Population Intervention Triangle: Segments (link to Section 1 PHE PBA): Service

Type of Interventions: Long-term conditions including frailty, cognitive disorder and multimorbidity

Major driver of health inequalities in your area of work

Falls, frailty and multimorbidity are strongly associated with deprivation. Despite the availability of cost-effective interventions national audits demonstrate variation in the quality and availability of falls prevention programmes. This means that there is unwarranted variation in the access to and quality of falls prevention programmes across England which should be addressed to reduce regional inequalities.

Target groups

Deprivation and Protected Characteristics: Older People


Falls prevention in accordance with NICE CG 161.
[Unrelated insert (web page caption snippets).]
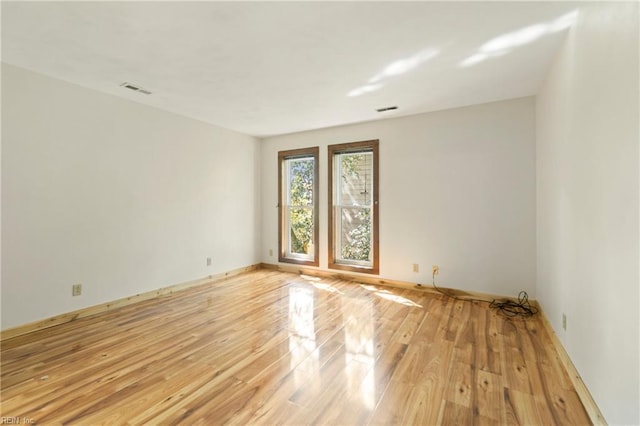 spare room featuring light wood-style flooring, baseboards, and visible vents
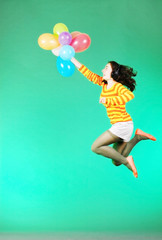 Fototapeta na wymiar Jumping happy girl with balloons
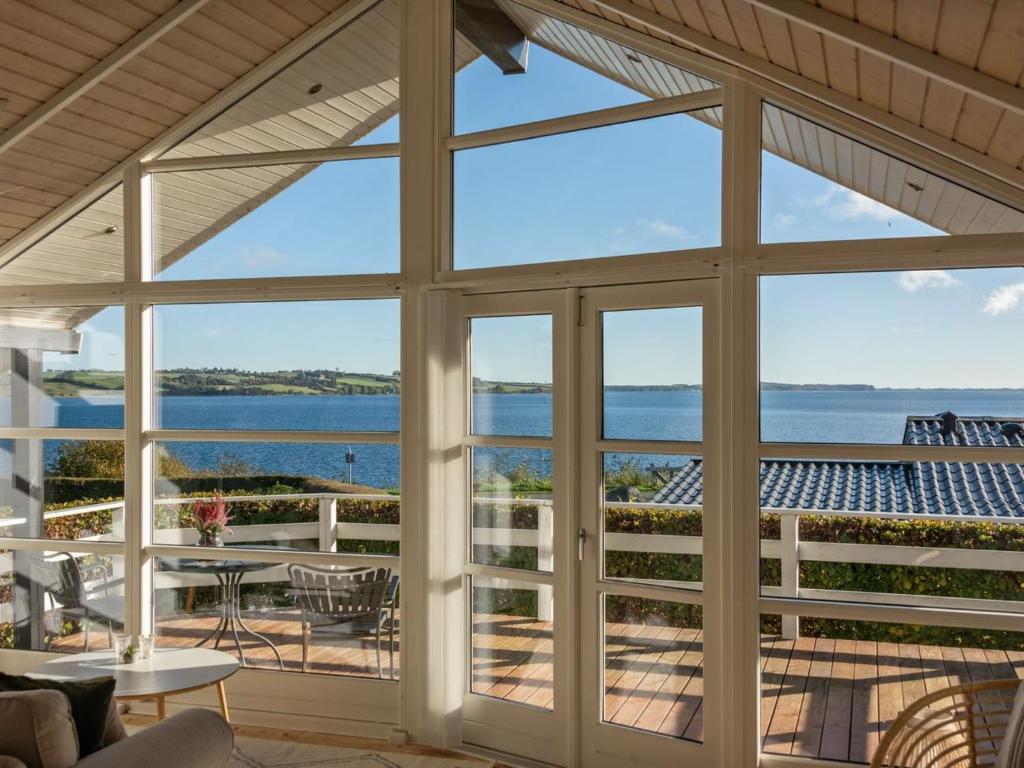 aus einem Haus mit Glastüren und Meerblick in der Unterkunft Holiday Home Nica - 100m from the sea in SE Jutland by Interhome in Broager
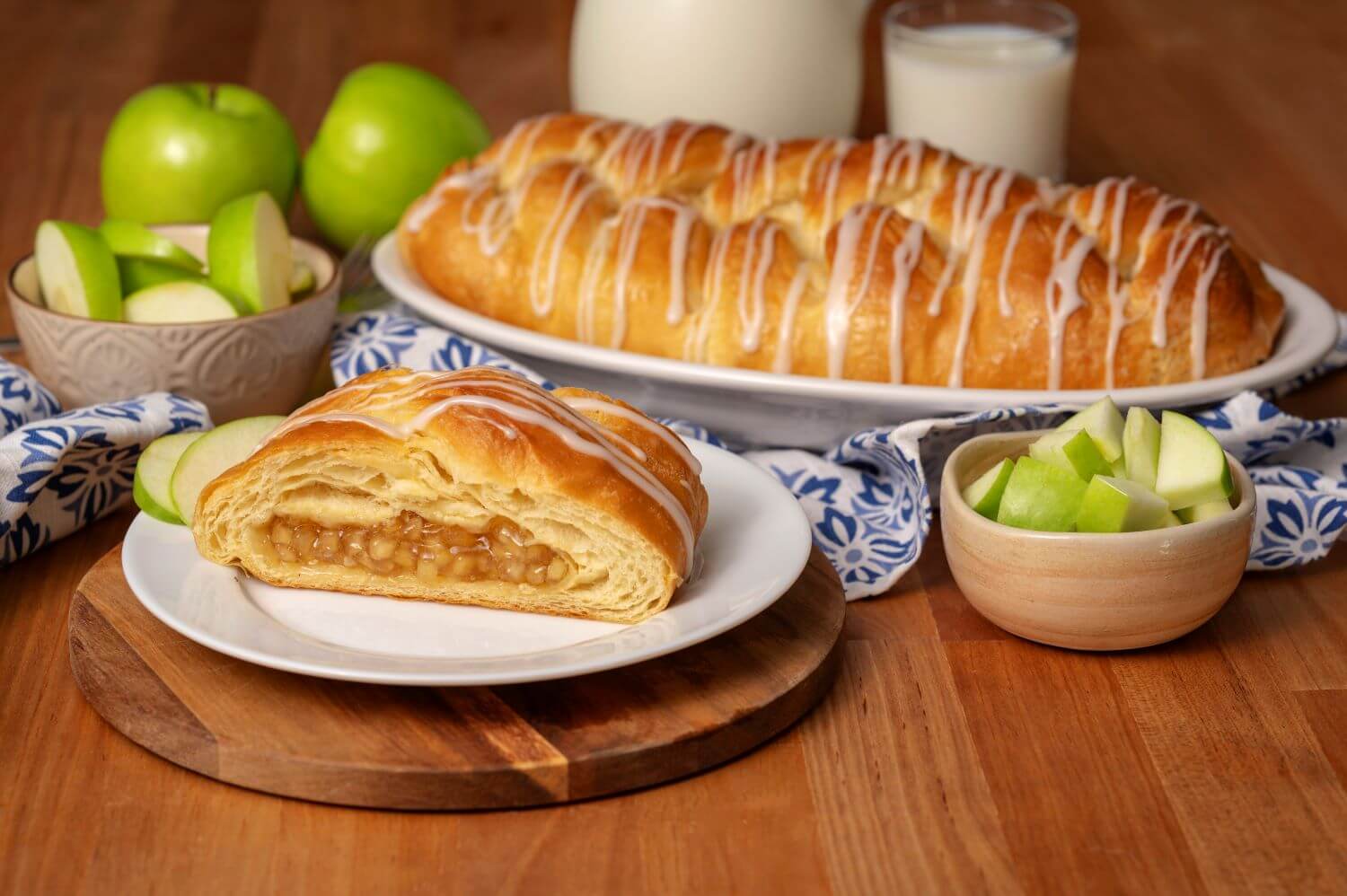 An Apple Butter Braid Pastry on a serving platter. Next to it is a plate with a slice of pastry on it. There are bowls of green apple slices next to glasses of milk.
A falls and fracture prevention programme aims to ensure recognition that falls in older people are recognised not as isolated incidents but are an important public health issue associated with morbidity and mortality. Approximately 30% of people older than 65 years and 50% of people older than 80 years fall at least once a year. An audit by the Royal College of Physicians estimated that falls and fractures in people aged over 65 accounts for approximately 4 million hospital bed days in England each year. The ultimate goal of falls and fracture prevention is to support older people to remain mobile, have their needs met and continue to learn, develop, maintain relationships and contribute to society, and effective interventions exist to support this. A Cochrane systematic review of the impact of falls risk assessment and intervention found that the risk of falls was reduced by 24%. Effective commissioning for falls and fracture prevention will reduce demand and improve outcomes. Key components of falls prevention: 1. Addressing risk factors, in particular physical activity (aerobic, strength and balance) and nutrition; 2. Case finding – assessment of fracture risk; 3. Risk assessment; 4. Strength and balance exercises; 5. Assessment of home environment, 6. Fracture liaison services and collaborative approaches to managing severe injury. Workforce training and competency in risk assessment is key.

Despite the availability of a range of cost-effective falls prevention interventions, national audits demonstrate patchy coverage and variable quality of these interventions. Commissioners should be aware of this variation and seek to address this through evidence-based falls prevention programmes to reduce inequalities in service provision. There may be opportunities for joint commissioning across NHS and public health, and between community and acute services.